Two posts that I read recently raise the question of whether the information economy has become too efficient.
The information economy has created a better informed but often impulsive consumer and it has created a networked information effect that ripples quickly through society allowing small pieces of information to set off a disproportionately large reaction – some positive and some negative. Like never before we can also act on information immediately creating economic whiplash.
In “Are We Losing the Narrative Self?“, Michael Goldhaber discusses how we are losing the concept of defining ourselves through our histories in favor of a more reductionist approach where:
You are your current set of interests, contacts, Twitter postings, Facebook postings, blog postings, listserv controversies, your latest images, and YouTube videos — trapped in an eternal but changing present that gives no sense of birth or death or growing up, or even growing at all.
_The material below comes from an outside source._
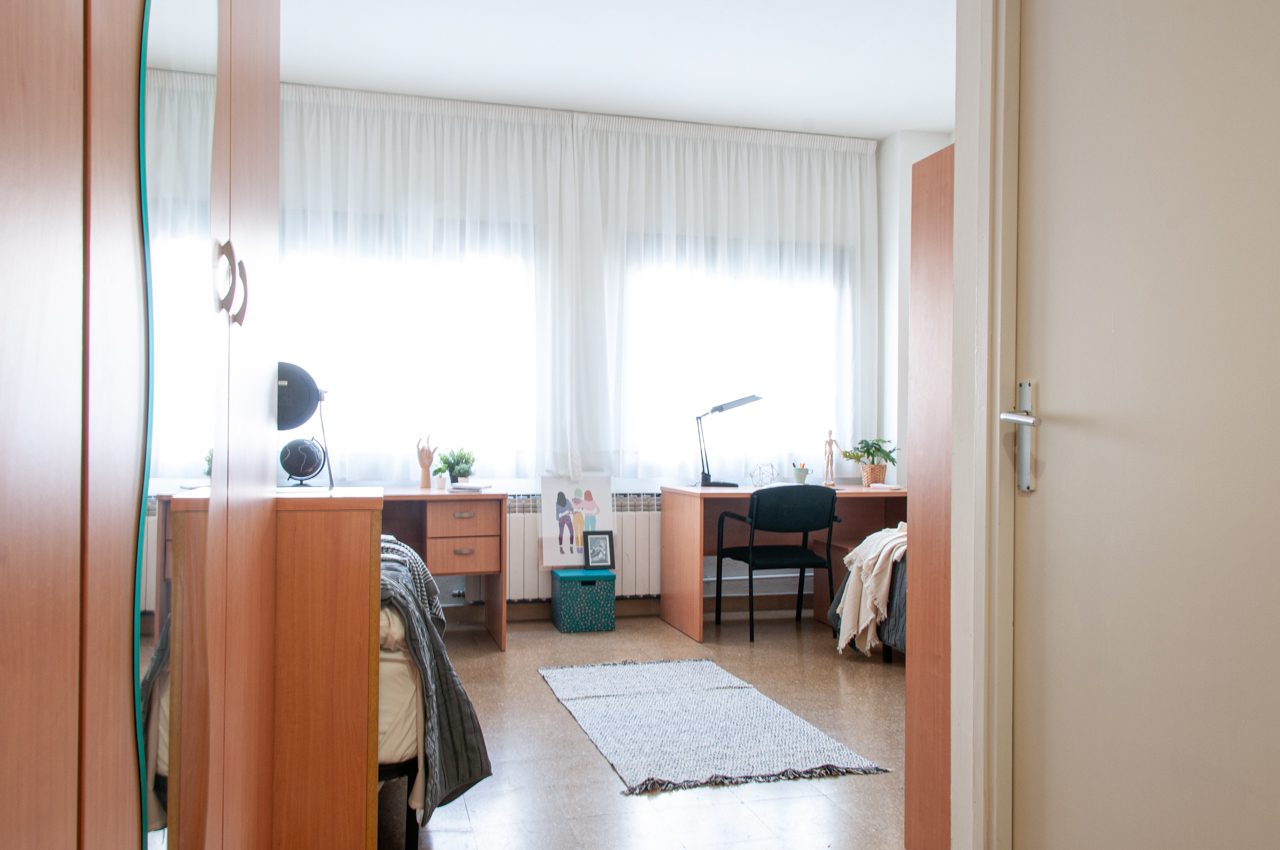 habitación basic twin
I’m hardly a Luddite, but I sympathize with both arguments. I applaud the technical advances that have made information flow so efficient, but I also recognize that our cultural evolution has lagged this technological progress.
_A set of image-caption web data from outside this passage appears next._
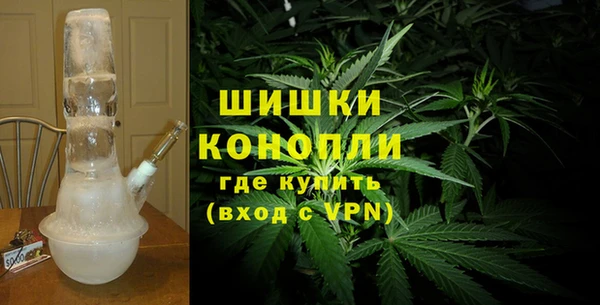 гидропоника Алзамай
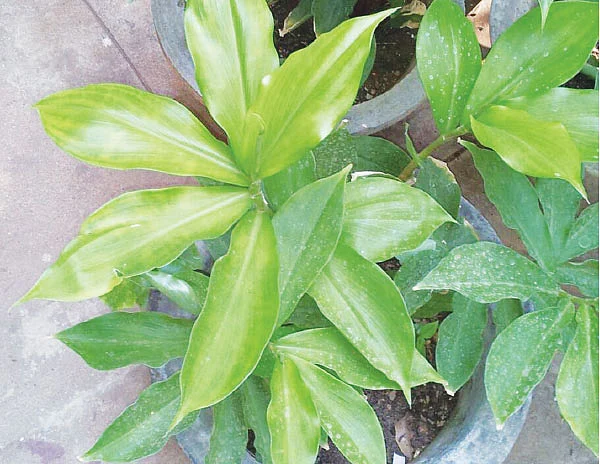 இன்சுலின் செடி - சர்க்கரை நோயாளிகளின் வரமா?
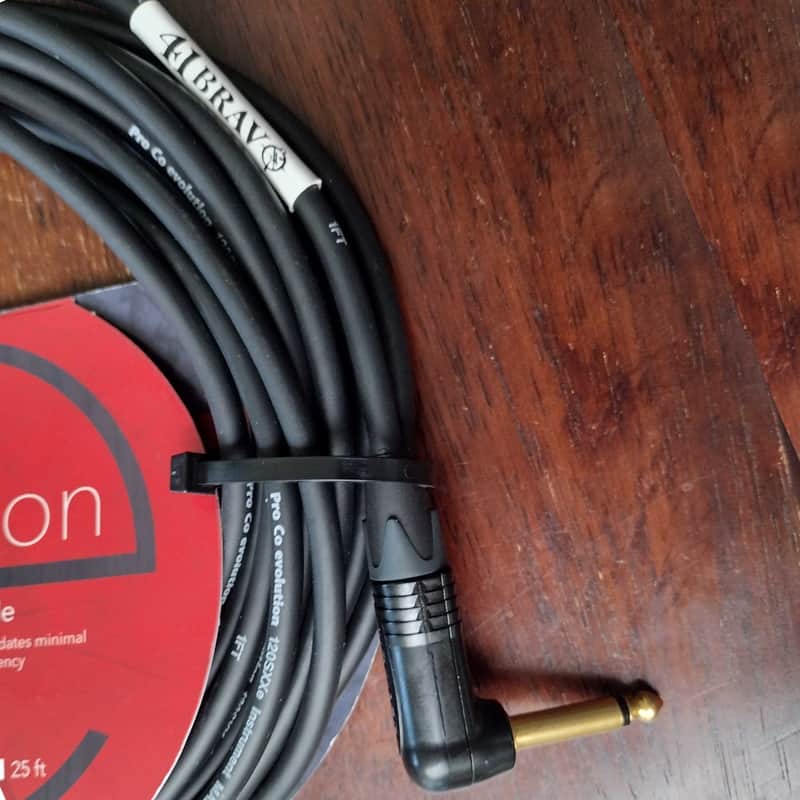 Instrument Cable 25-foot ProCo EVLGCLN-25 ANG-STR image 1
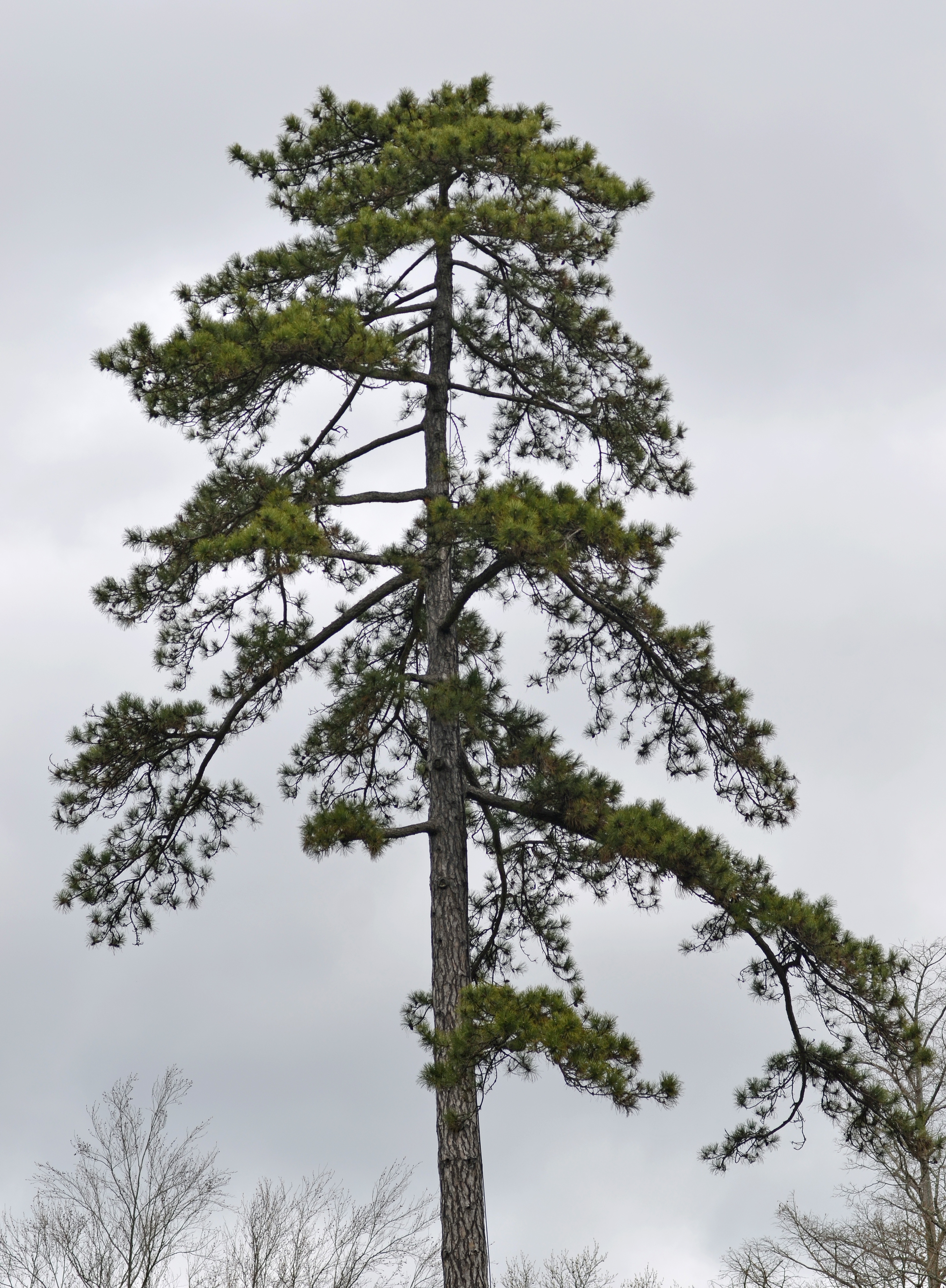 Corsican Pine Pinus nigra laricio Top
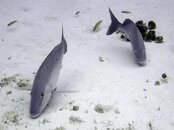 IMG_1775.jpg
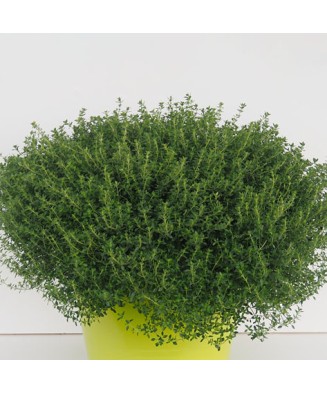 Planta la ghiveci, Cimbru...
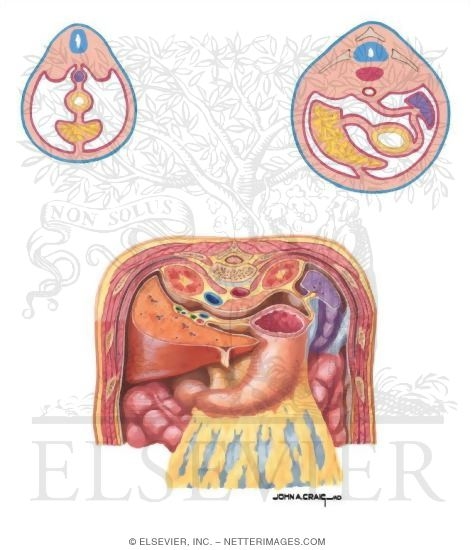 Abdominal Ligaments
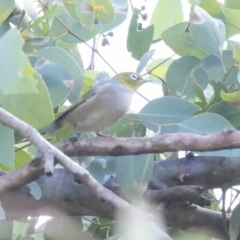 Zosterops lateralis (Silvereye) at Bruce Ridge - 22 Mar 2024 by ConBoekel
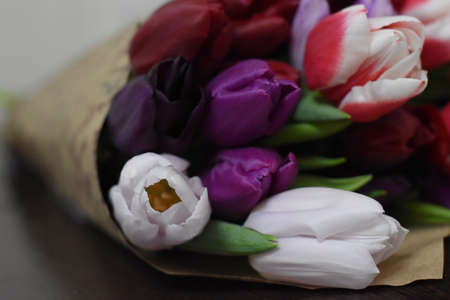 Bouquet of spring tulips with flowers of different colors, wrapped in gift paper, on a white background.の写真素材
We’re in similar situations with regard to trust, privacy and connectedness. Our ability to transmit data has far outstripped out ability to comprehend information, and our initial reflexes tend to promote the superficial.
Historically, technical advances that improve the flow of information have done far more good than harm. Just consider the evolution from scribes to the printing press to digital libraries as an example. Yes, we also ended up with reality TV shows and Perez Hilton, but overall we’ve made progress.
Perhaps technical advances will help us overcome the same superficiality they have promoted. If not, it will be up to our own cultural evolution to catch up.